Unsere Befürchtungen, dass die Unterrichtsversorgung an den nicht-gymnasialen Schulformen im Sekundar-I-Bereich schlecht sein wird, sind leider wieder einmal bestätigt worden. Mit einer durchschnittlichen Unterrichtsversorgung von knapp 93,6 Prozent ist die Unterrichtsversorgung an vielen dieser Schulen katastrophal. Hier muss dringend schnellstens nachgesteuert werden, denn es geht schlichtweg um die Bildungschancen einer ganzen Generation.
Obgleich zum Halbjahr wiederum eine große Anzahl von Stellen für neue Lehrkräfte ausgeschrieben worden ist, konnten lediglich knapp 74,6 Prozent davon besetzt werden. Es gibt nach unseren Informationen auch Kreise, wo die Besetzungsquote noch niedriger liegt. Gerade im nicht gymnasialen Bereich der Sekundarstufe I wird die Unterrichtsversorgung weiterhin sehr angespannt bleiben – leider wie seit vielen Jahren.

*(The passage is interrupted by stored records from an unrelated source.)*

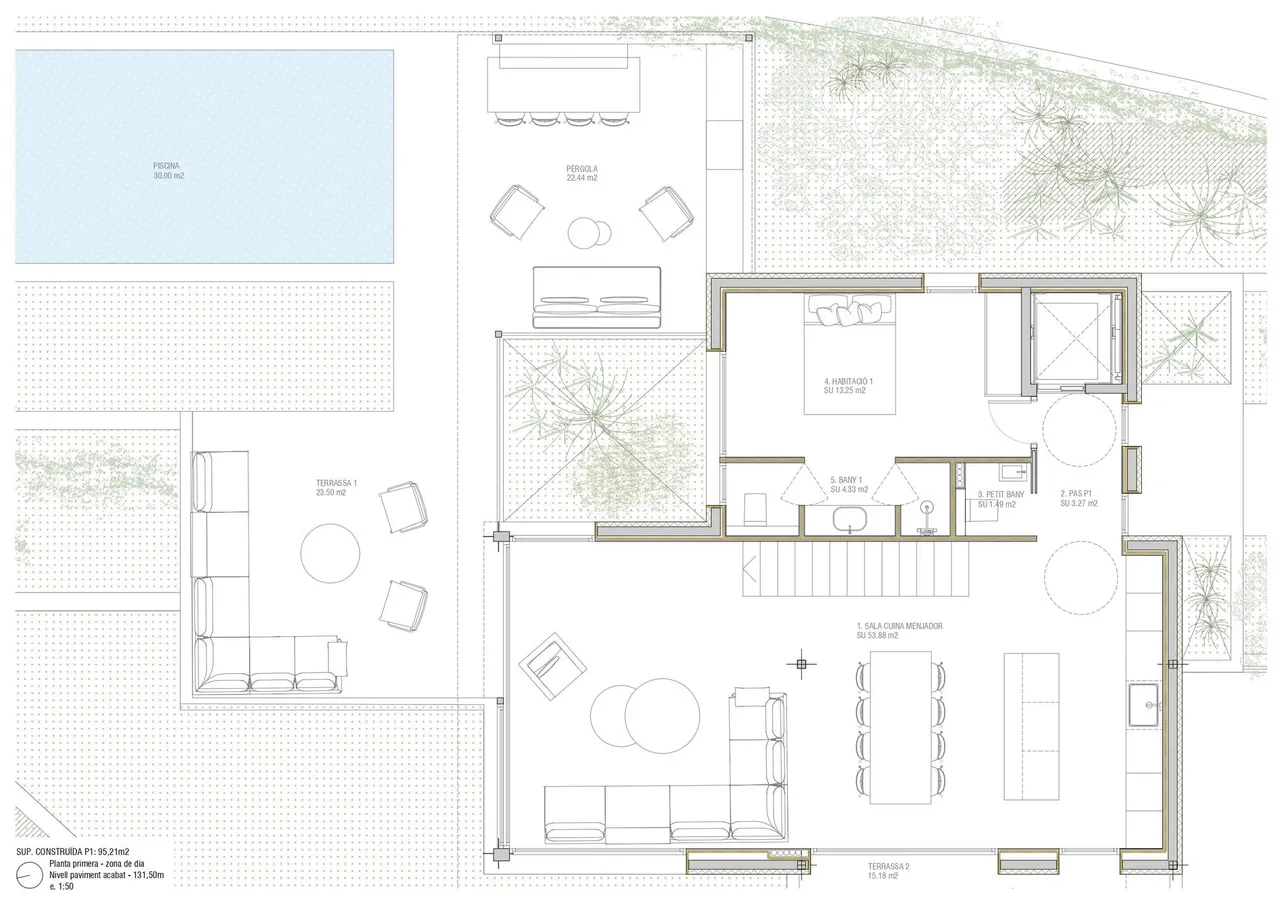 living - Casa / villa de 341m² en venta en Sa Riera, Costa Brava - Plano del piso - 1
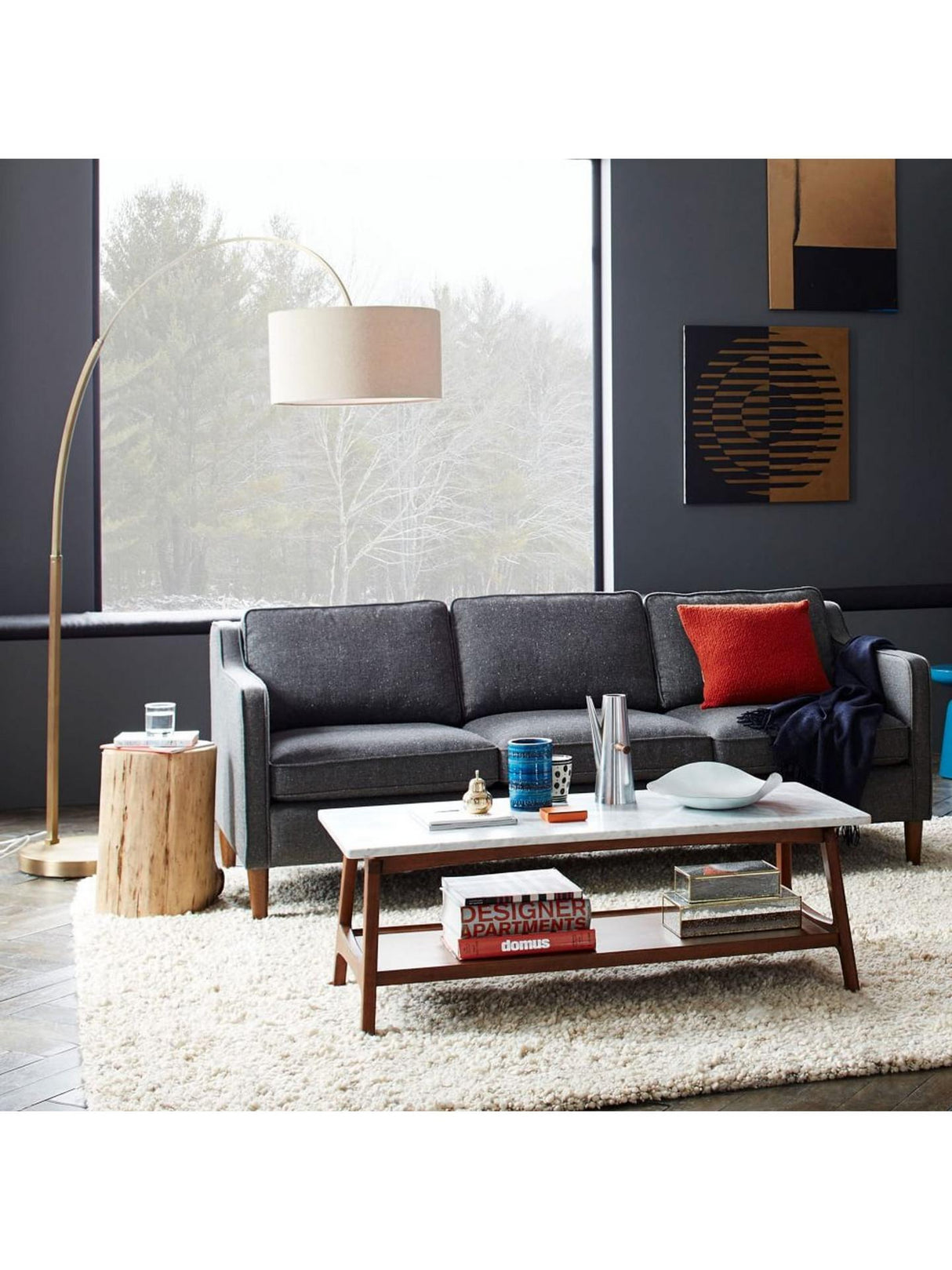 West Elm Overarching Non-Dimmable Nickel Floor Lamp With Drum Shade - White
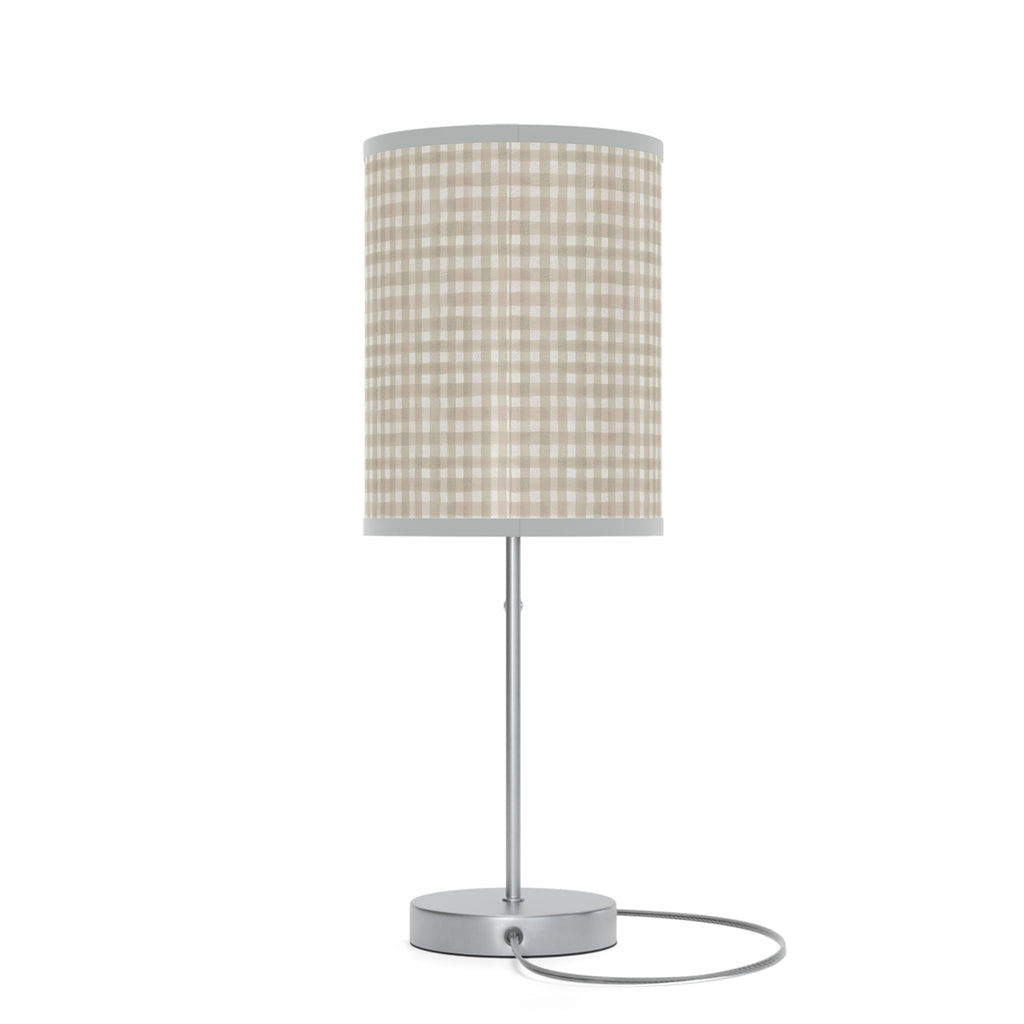 Beige Gingham Table Lamp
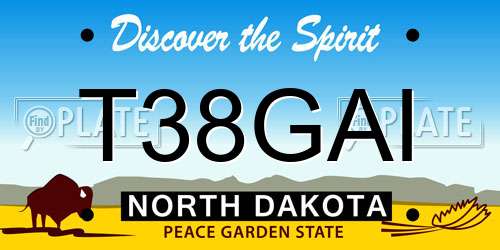 T38GAI North Dakota License Plate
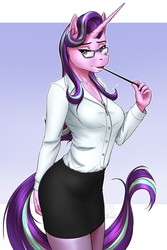 Size: 4000x6000 | Tagged: safe, alternate version, artist:mykegreywolf, starlight glimmer, unicorn, anthro, g4, absurd resolution, breasts, busty starlight glimmer, clothes, female, glasses, horn, lidded eyes, long horn, looking at you, mare, miniskirt, open mouth, pantyhose, reading glasses, sexy, shirt, signature, skirt, solo, stupid sexy starlight glimmer, teacher, tube skirt, white shirt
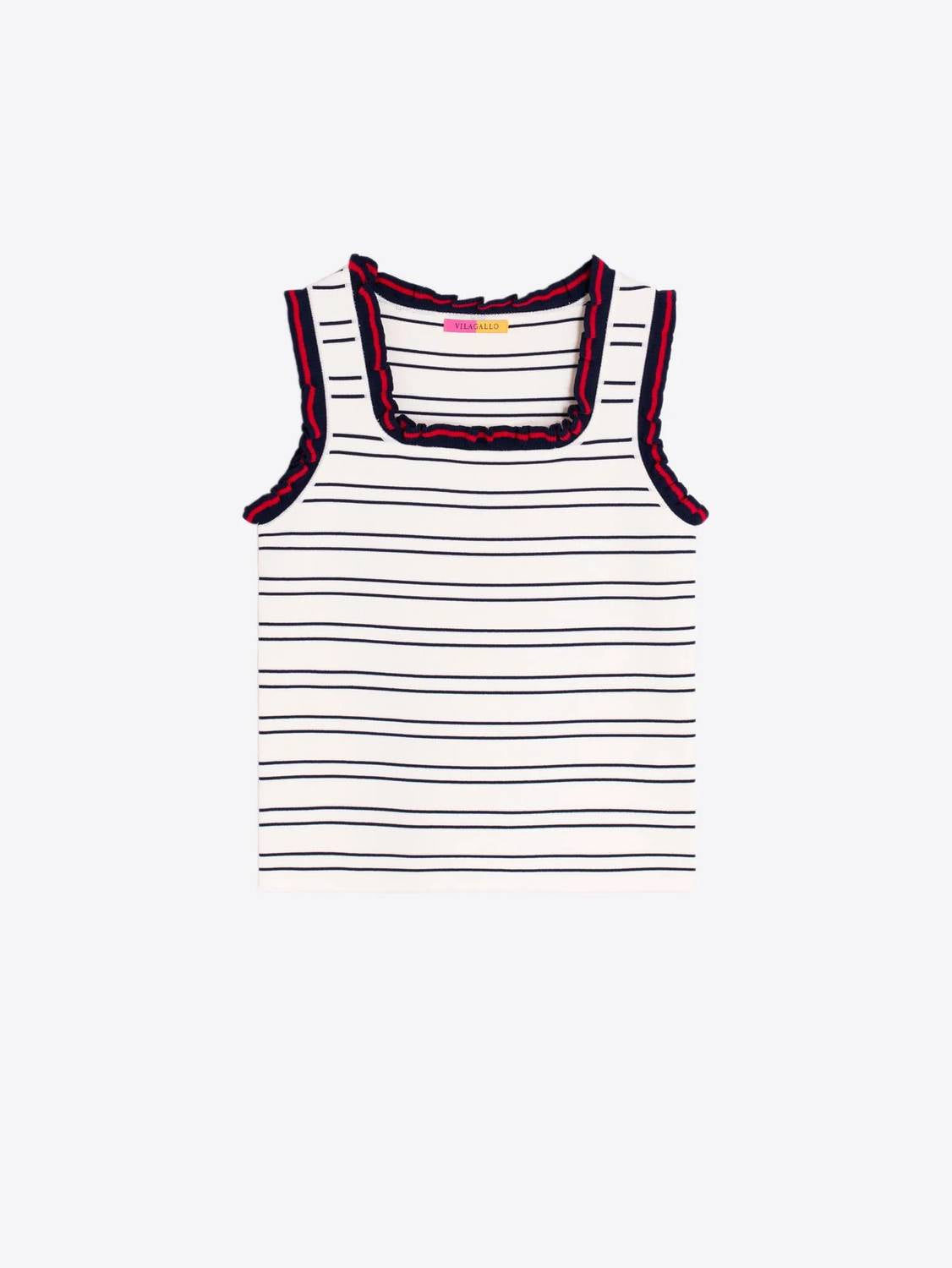 Vilagallo - Ruffled Striped Point Top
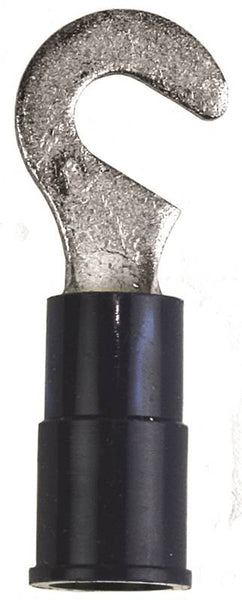 Jandorf 60891 Hook Terminal, 16 to 14 AWG Wire, #6 Stud, Vinyl Insulation, Copper Contact, Blue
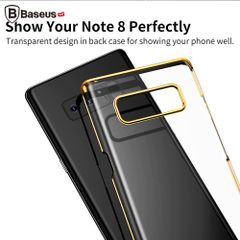 Ốp lưng trong suốt viền si màu Crome Baseus Glitter Case cho Samsung Galaxy Note 8 ( Ultra Thin, Luxury Plating Hard Plastic Case)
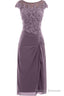 knee length mauve tight chiffon mother of the bride/prom dress with cap sleeves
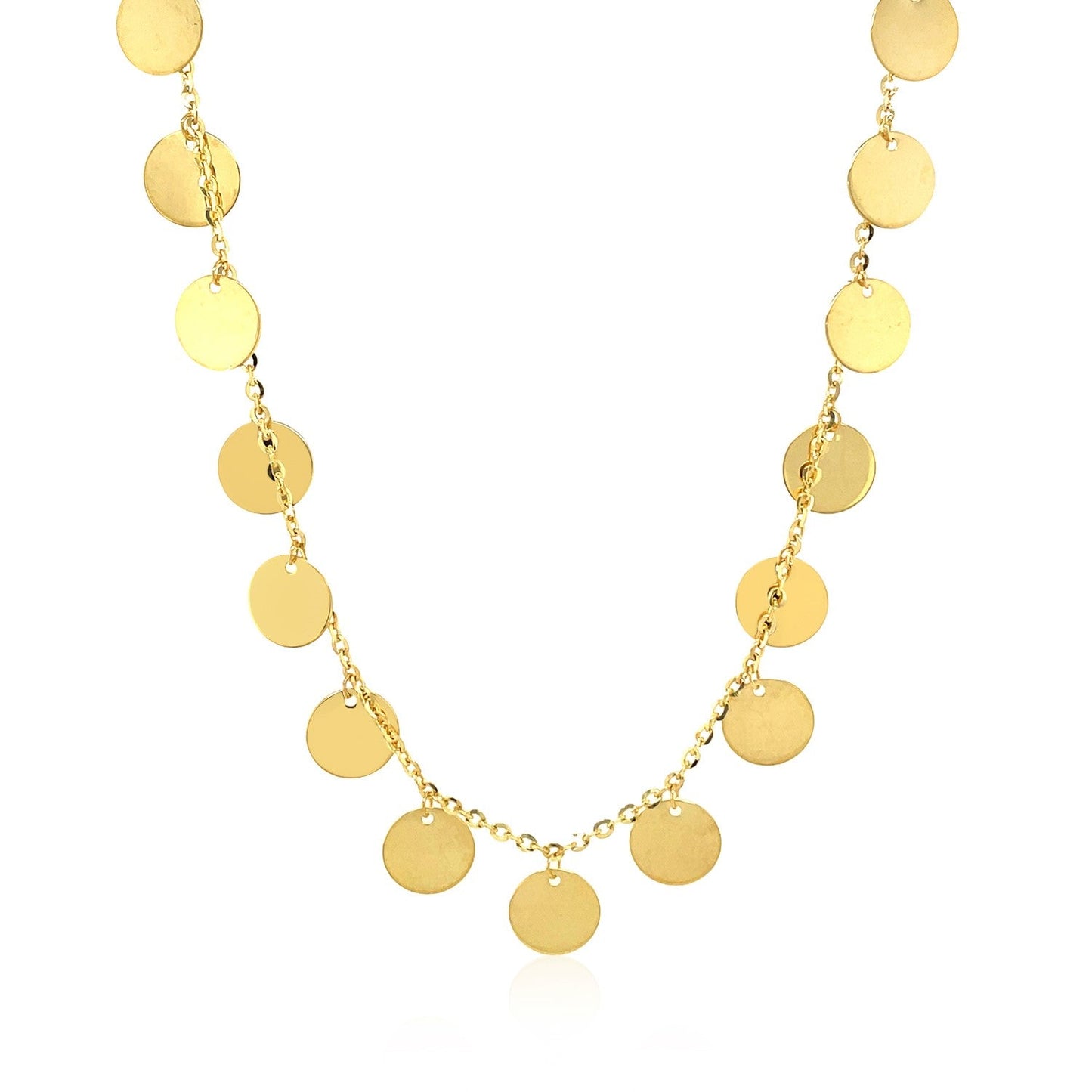 Gargantilla con Discos Pulidos en Oro Amarillo de 14k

Die übergroße Belastung aller an Schule Beschäftigten wird durch den eklatanten Lehrkräftemangel noch weiter verstärkt. Es fehlen weiterhin wirkungsvolle Maßnahmen zur Entlastung der über Gebühr belasteten Lehrkräfte. Es mangelt an unseren Schulen immer noch neben pädagogischen Mitarbeitenden Unterstützungspersonal im Schulsozialdienst und beim schulpsychologischen Dienst. Vor allem warten viele Schulen weiterhin auf den Einsatz multiprofessioneller Teams. Diese Maßnahmen wären zweifelsohne eine Entlastung für die Lehrkräfte. Ebenso muss man sich fragen, wo das IT-Fachpersonal zur Betreuung der technischen Aufgaben an unseren Schulen bleibt? Das kann und sollte nicht noch immer von Lehrkräften zusätzlich erbracht werden. Ebenso sollte das Kultusministerium den Vorschlag des Landesrechnungshofes weiter verfolgen, flächendeckend Lehrkräfte von Verwaltungsaufgaben wie zum Beispiel Lehrmittelausleihe, Reisekosten und Budgetverwaltung durch Einstellung von angemessen bezahlter Verwaltungsassistentinnen und -assistenten zu entlasten.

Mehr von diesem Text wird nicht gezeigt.